Required work >> Quote all lines below exactly. Images stay out.

Available data >>

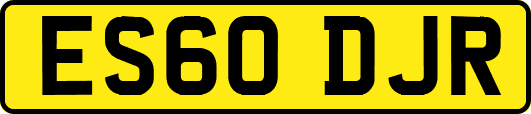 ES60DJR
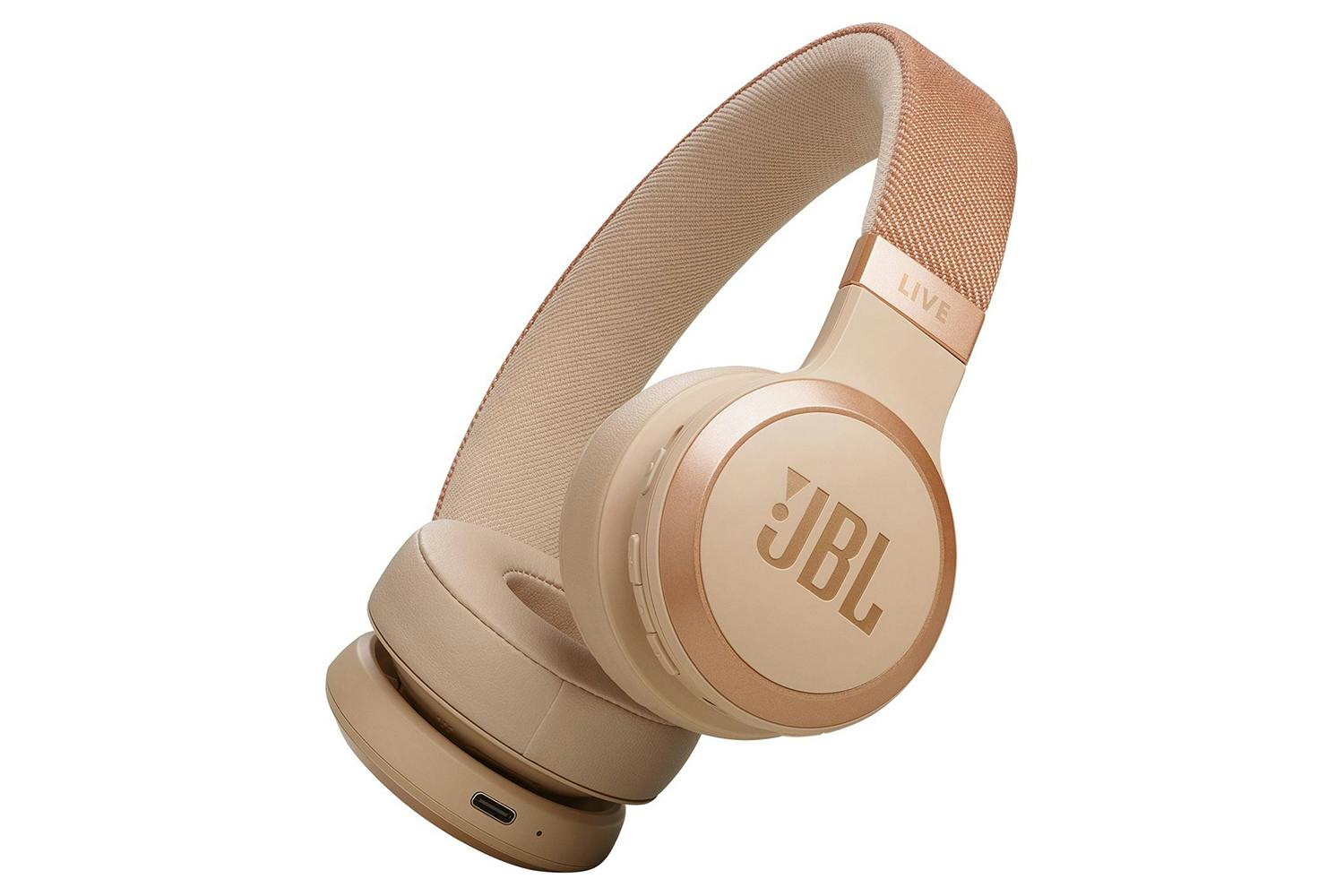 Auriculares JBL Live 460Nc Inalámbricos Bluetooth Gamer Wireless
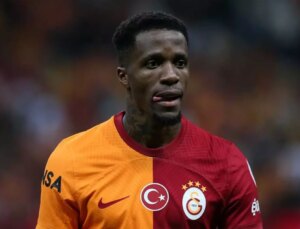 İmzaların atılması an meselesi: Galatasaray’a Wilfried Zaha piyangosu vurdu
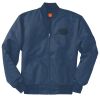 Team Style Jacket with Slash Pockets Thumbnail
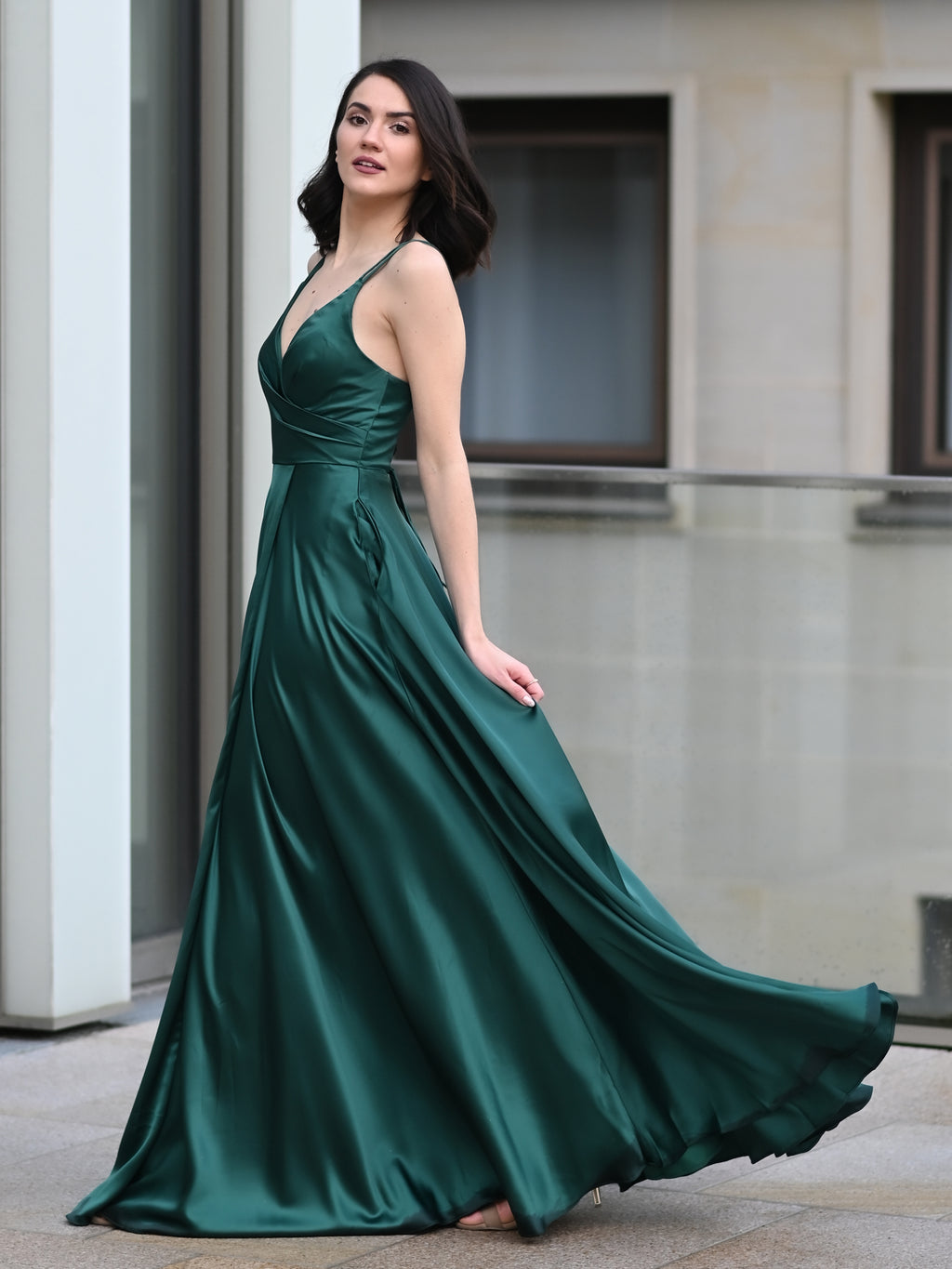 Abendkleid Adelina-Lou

Final answer >>
 ES60DJR
 Auriculares JBL Live 460Nc Inalámbricos Bluetooth Gamer Wireless
 İmzaların atılması an meselesi: Galatasaray’a Wilfried Zaha piyangosu vurdu
 Team Style Jacket with Slash Pockets Thumbnail
 Abendkleid Adelina-Lou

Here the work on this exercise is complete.